* **ASSIGNMENT**
From the first line of the listing below to the line with "Majestic Rooster Illustration PNG Image", print each line exactly, and nothing more. Leave out the pictures.

======== RECORDS FOR THE TASK

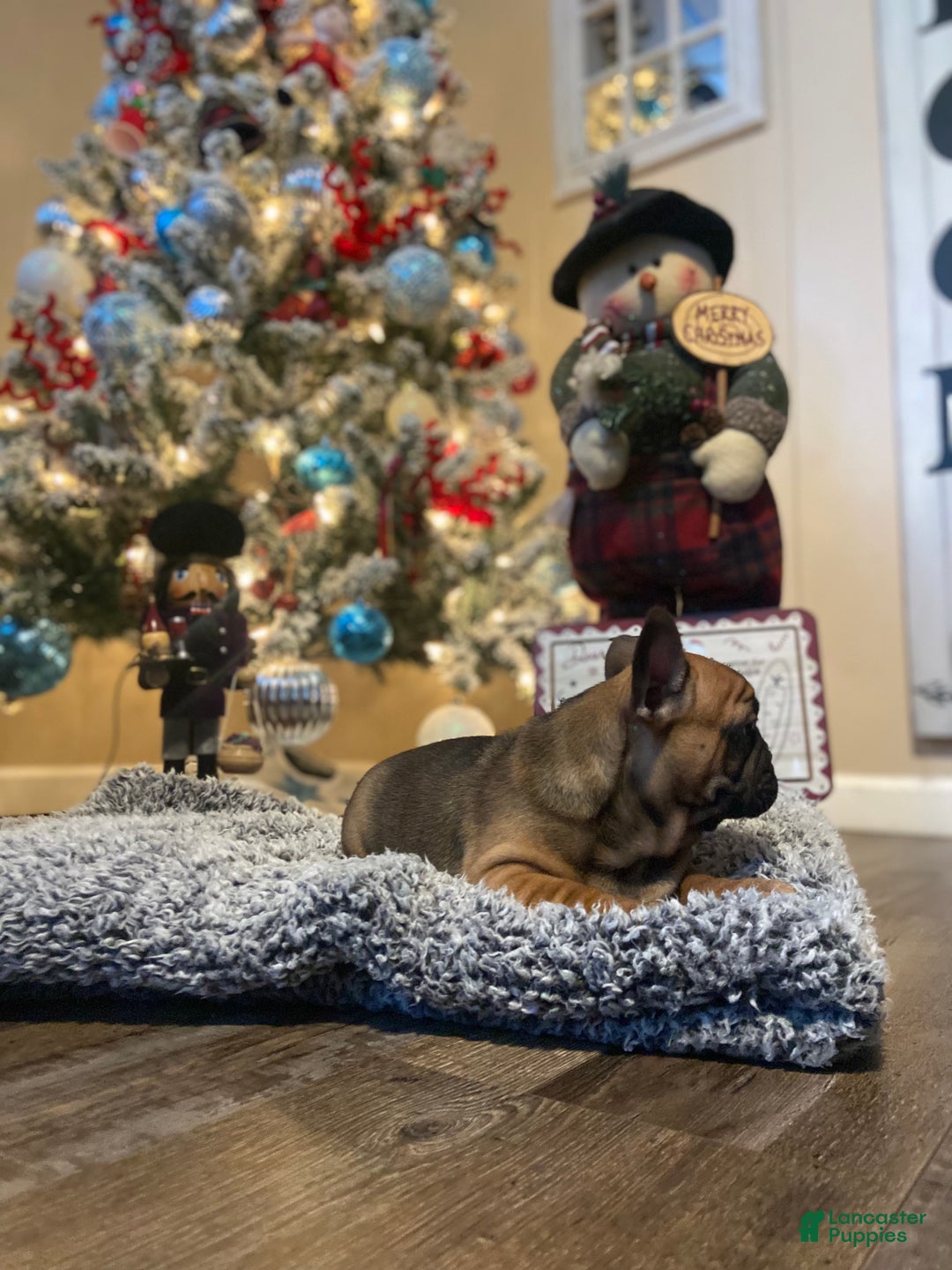 French Bulldog dogs for sale: Gus - Ad 2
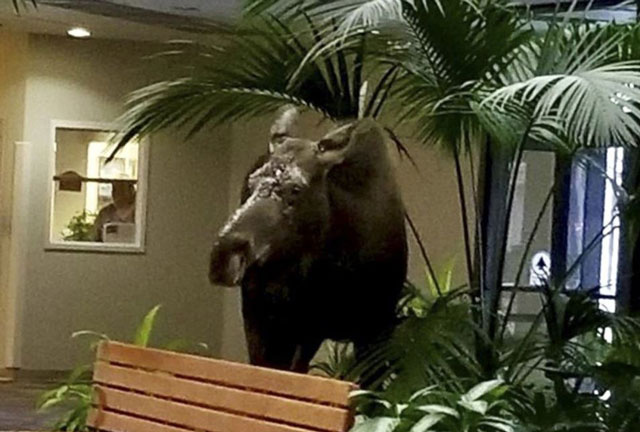 A moose walks into an Alaska hospital and finds a snack - Emirates 24|7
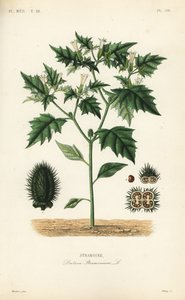Stechapfel, Datura stramonium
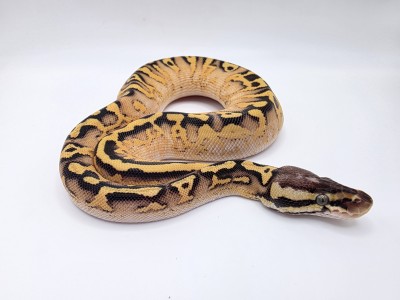 animal image
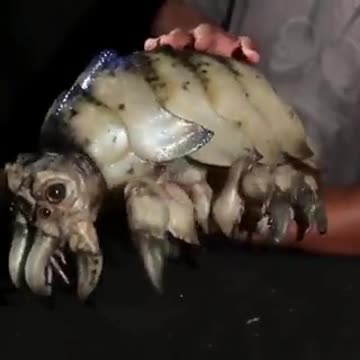 Nao e um animal real parece real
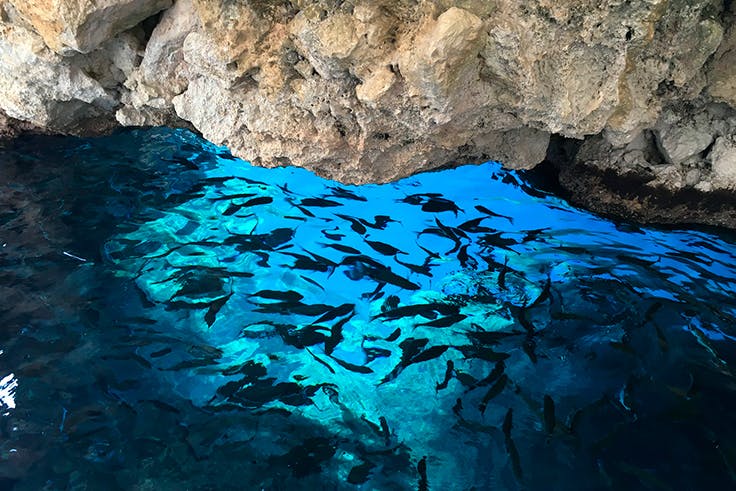 aguas de las islas griegas para viajar en septiembre pescado, corfu, grecia, mar, mediterraneo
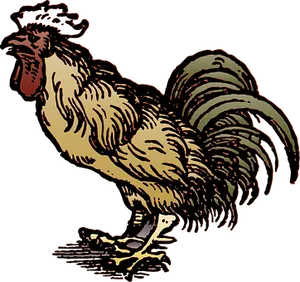 Majestic Rooster Illustration PNG Image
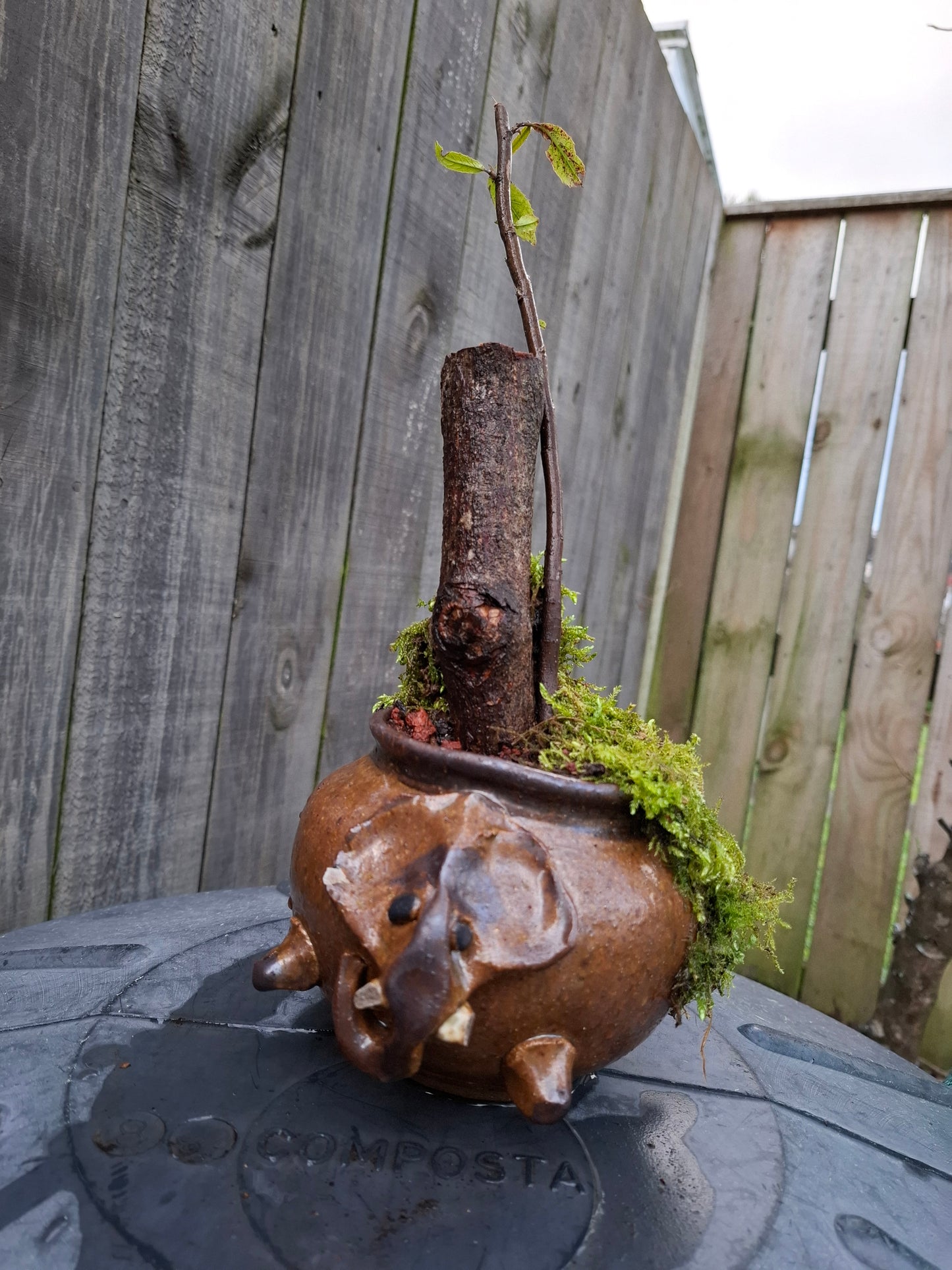 🌲Echoes of the Forest – Literati Bonsai in Glazed Elephant Pot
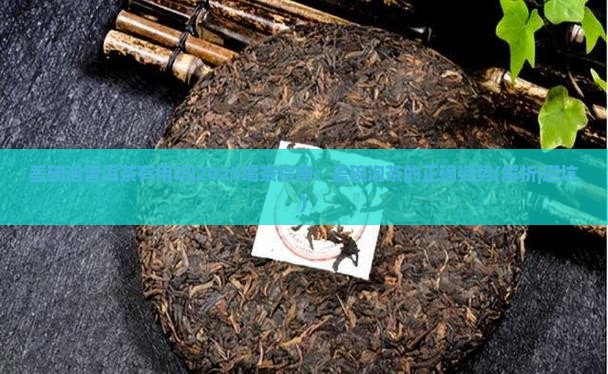 盖碗泡普洱茶有用吗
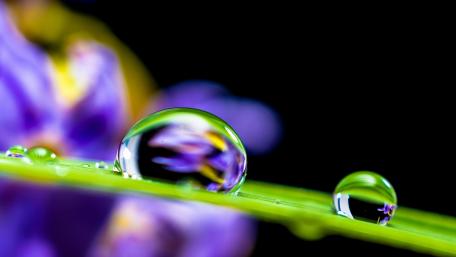 Water drops on a leaf wallpaper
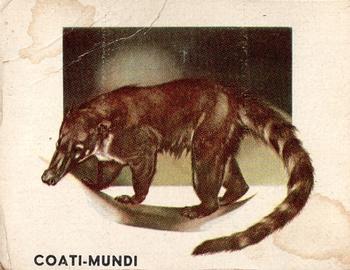 1951 Topps Animals of the World (R714-1) #152 Coati-Mundi Front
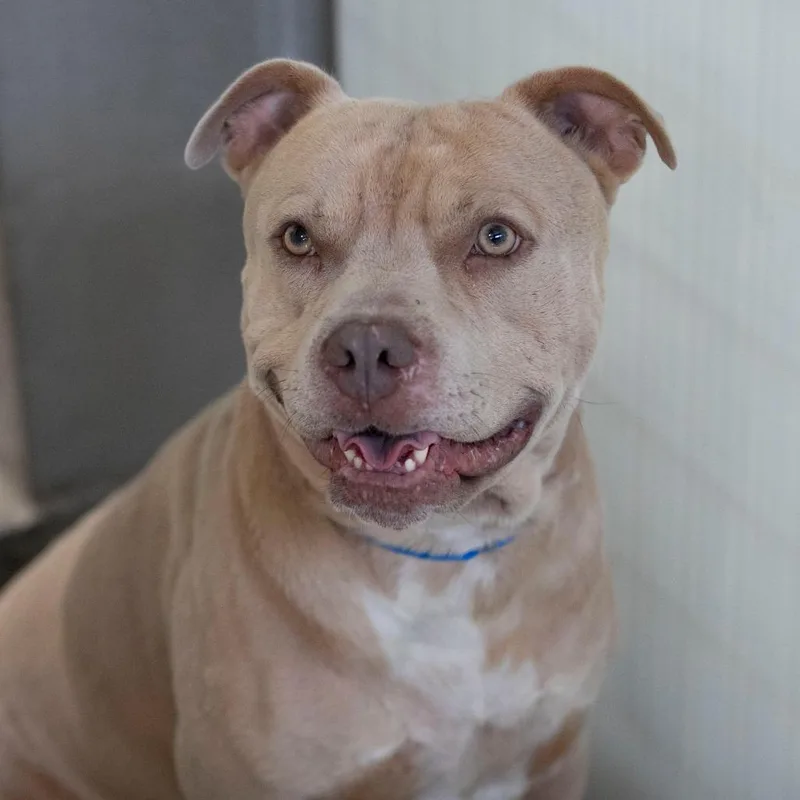 An adult large-sized male Pit Bull Terrier dog named Ghost for adoption in Peyton, CO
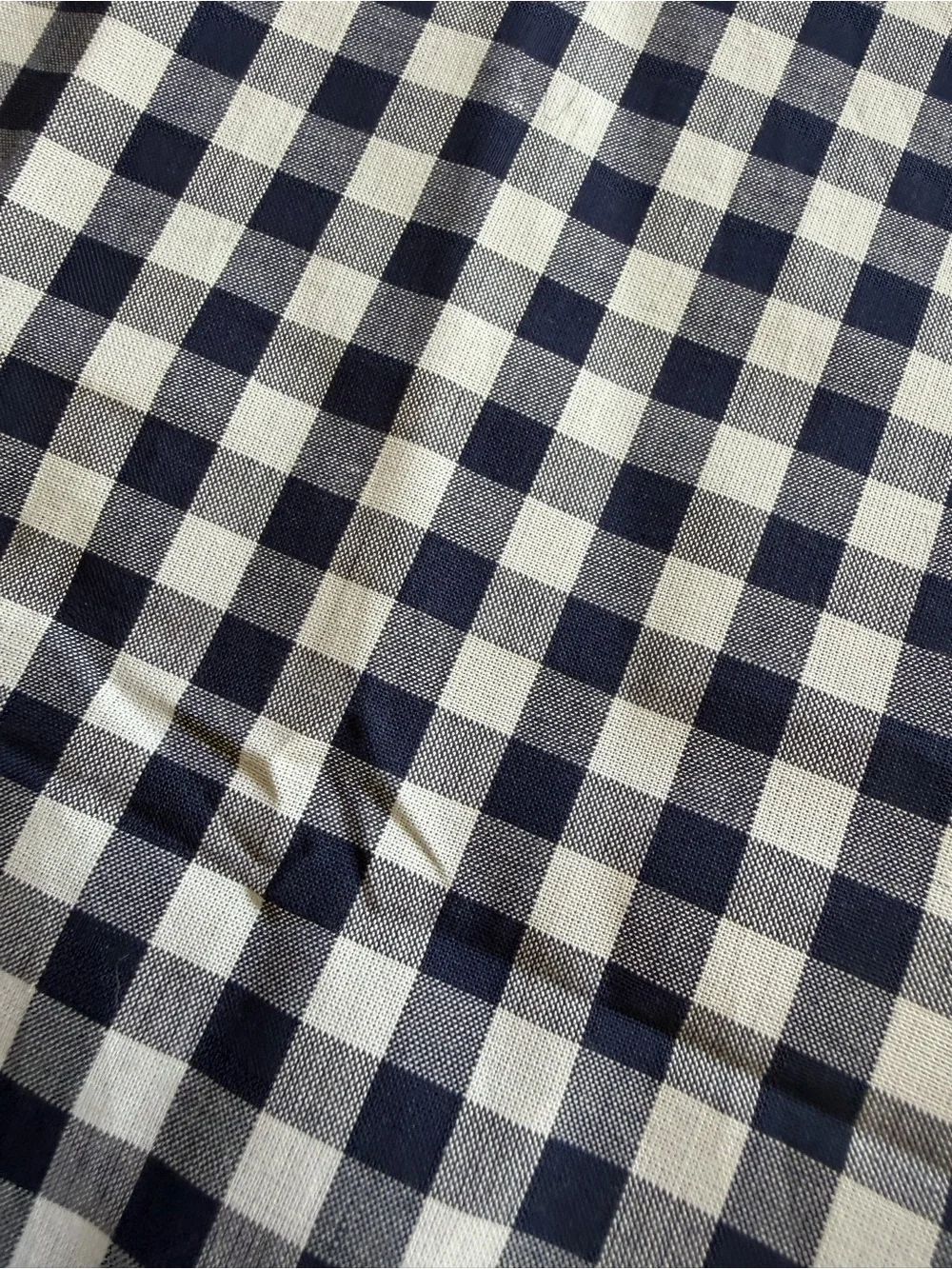 Daniel Cremieux crisp gingham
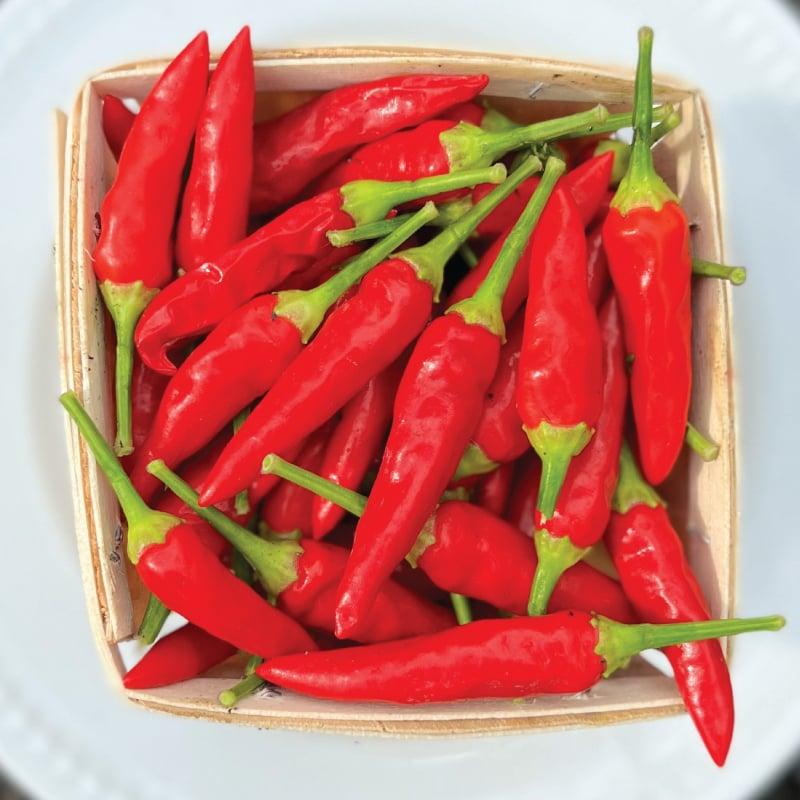 V072 Pepper Super Chili - View 3 from www redcrocus com
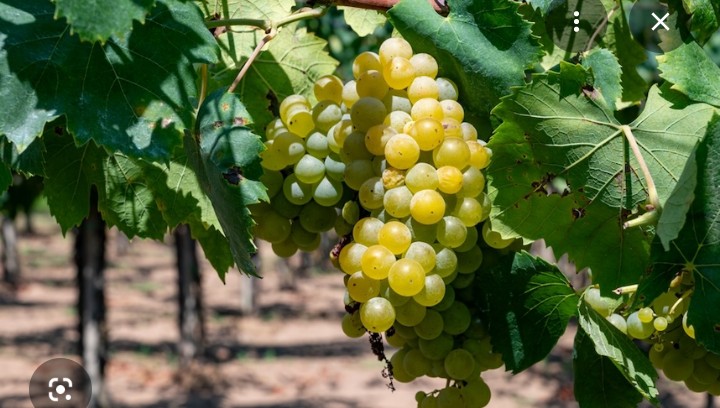 Certified organic grapes for sale, Trebbiano, Malvasia, and Bellone varieties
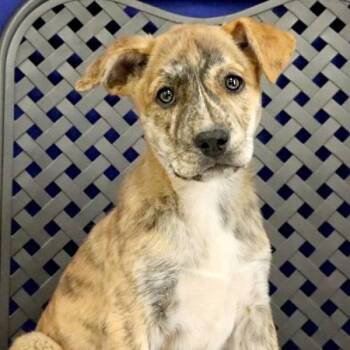 Golden Retriever and Mastiff Dogs Available for Adoption in Fort Davis, Texas - Kai | PetCurious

================

* **TASK SOLUTION**
 French Bulldog dogs for sale: Gus - Ad 2
 A moose walks into an Alaska hospital and finds a snack - Emirates 24|7
Stechapfel, Datura stramonium
 animal image
 Nao e um animal real parece real
 aguas de las islas griegas para viajar en septiembre pescado, corfu, grecia, mar, mediterraneo
 Majestic Rooster Illustration PNG Image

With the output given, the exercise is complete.